I've been building a rendering engine for a code editor the past couple of days. Rendering huge chunks of highlighted syntax can get laggy. It's not worth switching to React at this stage, so I wanted to just write a quick diff algorithm that would selectively update only changed lines.
I found this article: https://blog.jcoglan.com/2017/02/12/the-myers-diff-algorithm-part-1/
With a link to this paper, the initial Git diff implementation: http://www.xmailserver.org/diff2.pdf
I couldn't find the PDF to start with, but read "edit graph" and immediately thought — why don't I just use a hashtable to store lines from LEFT_TEXT and references to where they are, then iterate over RIGHT_TEXT and return matches one by one, also making sure that I keep track of the last match to prevent jumbling?
The algorithm I produced is only a few lines and seems accurate. It's O(N) time complexity, whereas the paper above gives a best case of O(ND) where D is minimum edit distance.
function lineDiff (left, right) {
left = left.split('\n');
right = right.split('\n');
let lookup = {};
// Store line numbers from LEFT in a lookup table
left.forEach(function (line, i) {
lookup[line] = lookup[line] || [];
lookup[line].push(i);
});
// Last line we matched
var minLine = -1;
return right.map(function (line) {
lookup[line] = lookup[line] || [];
var lineNumber = -1;
if (lookup[line].length) {
lineNumber = lookup[line].shift();
// Make sure we're looking ahead
if (lineNumber > minLine) {
minLine = lineNumber;
} else {
lineNumber = -1
}
}
return {
value: line,
from: lineNumber
};
});
}
RunKit link:
https://runkit.com/keithwhor/line-diffWhat am I missing? I can't find other references to doing diffing like this. Everything just links back to that one paper.
Consider the following sequences (here each letter represents a line).
AAAB
BAAA
Where the first one is "left" and the second one is "right".The LCS is AAA. The minimal edit script from left to right is:
1. Insert B at beginning.
2. Delete B at end.
The proposed O(N) algorithm finds B as the first matching line, and thereby exhaust `left`. So it finds the common subsequence of just "B" and its edit script is:
1. Delete 3 As at beginning
2. Insert 3 As at end
which is longer.
Like someone else said, I think the key is that you're not getting the shortest edit script, you're just getting a edit script.
Interestingly, even git's implementation of diff (which uses a variant of the Myers Diff algorithm) doesn't actually find the shortest edit script by default.
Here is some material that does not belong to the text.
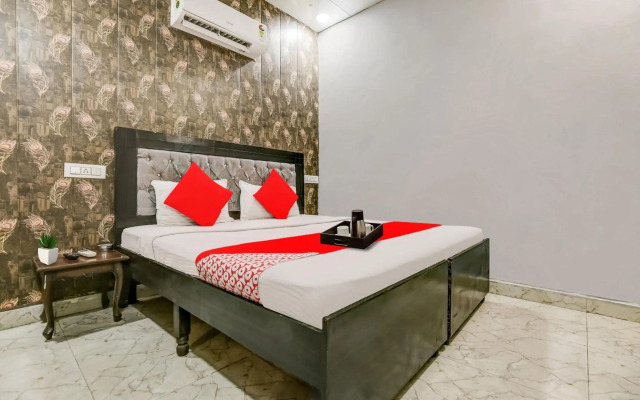 OYO Flagship 70340 Hotel Colour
It has a hard-coded heuristic that just quits early if it finds a 'good enough' solution:
https://github.com/git/git/blob/master/xdiff/xdiffi.c#L143
Same this for unix diff (unless you specify the commandline flag to find shortest):
https://github.com/Distrotech/diffutils/blob/distrotech-diff...
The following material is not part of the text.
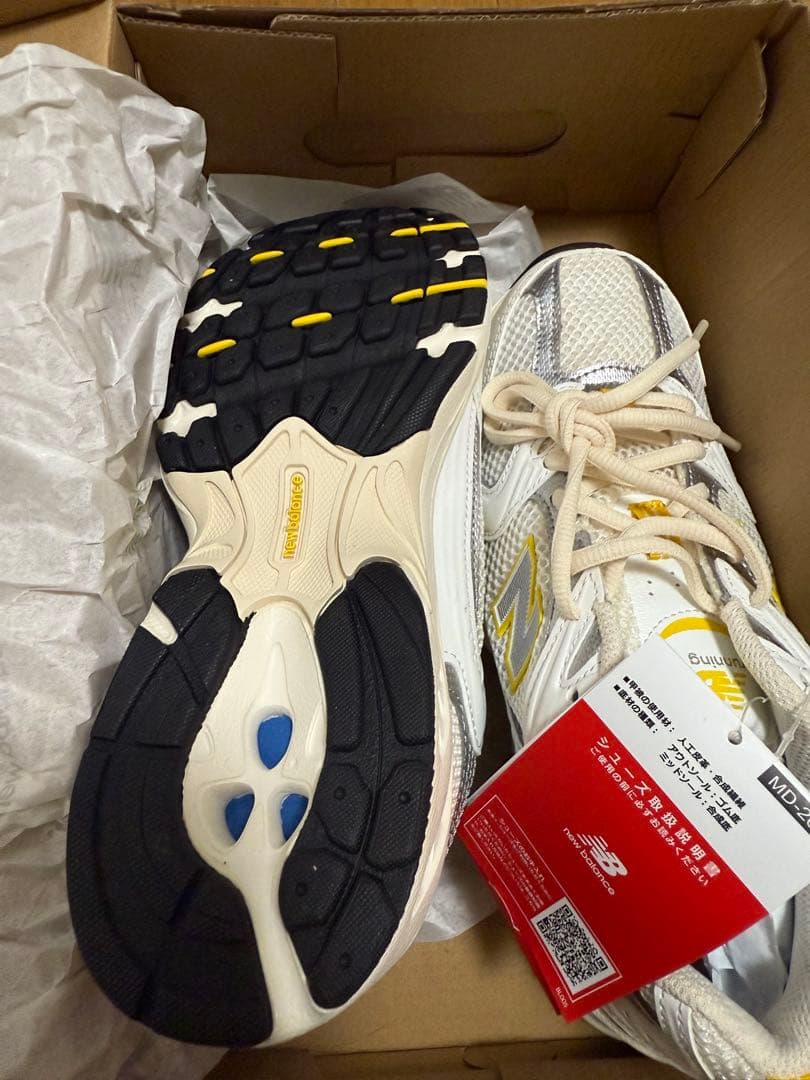 サイズ：23.5cm カラー：ホワイト×イエロー 新品・未使用です✨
Having said that, if you're still confident that you've made an improvement, you can port the function to python and try it out as a test case in my unit test file that I wrote when I developed my variant of the Myers Diff algorithm:
https://github.com/RobertElderSoftware/roberteldersoftwaredi...
On that topic, I'm pretty sure my variant of the Myers Diff algorithm is actually slightly faster/uses less memory than the original (I'd be happy to be proved wrong). At least, I've had my blog post up for a few years and no one has corrected me, but then again, I think the original paper has a few mistakes/obvious flaws and it still has hundreds of citations and no one has written much about improvements.
You can tune how much CPU you want to spend getting a better diff by adjusting the compression ratio, the compressor is well tuned for speed and is generally more efficient than a diffing algorithm, it can find repetitions in the new content, and you get entropy coding.
The ideal trade-off (diff-size vs space-time characteristics) depends on the use-case. It might be more important for a VDOM library to obtain a good-enough diff in O(N) time, as opposed to an LCS in O(NM) space and time. Linear diffing for VDOMs works well, especially with heuristics and things like explicit and implicit key matching. Sometimes the asymptotic characteristics of a program are irrelevant if your system is bounded.
$ my-diff yours mine
--- yours 2019-10-28 15:11:07.150118090 -0700
+++ mine 2019-10-28 16:46:42.093923066 -0700
@@ -1,50 +1,75 @@
- yours
- yours
[...]
- yours
+ mine
+ mine
[...]
+ mine
Spit out the diff and hunk header, then dump yours preceded by "- " and then mine preceded by "+ ".
Finding any diff is not really the problem.
Love this post by the way, wished we would see more of these on HN.
More specifically, it's not just something at the end appearing at the beginning causing skipping like others have pointed out. The skipping can happen in the middle. Consider the two sequences A B B C and B C A. Your algo will match the first Bs and then the Cs and skip the common B C together.
Even if you could somehow make it work, it would be O(N) but note that with all of the split() and map() and array indexing, it starts to be more like O(N+NX) where X is that potentially non-insignificant overhead.
Don't let me pooh-pooh you from trying but if you do give-in and use the Myers' algo, here's my C diff implementation:
http://www.ioplex.com/~miallen/libmba/dl/src/diff.c
This is actually pretty compact as diff implementations go and would probably be a reference for implementing diff in JS.
Not sure about the diffing research though.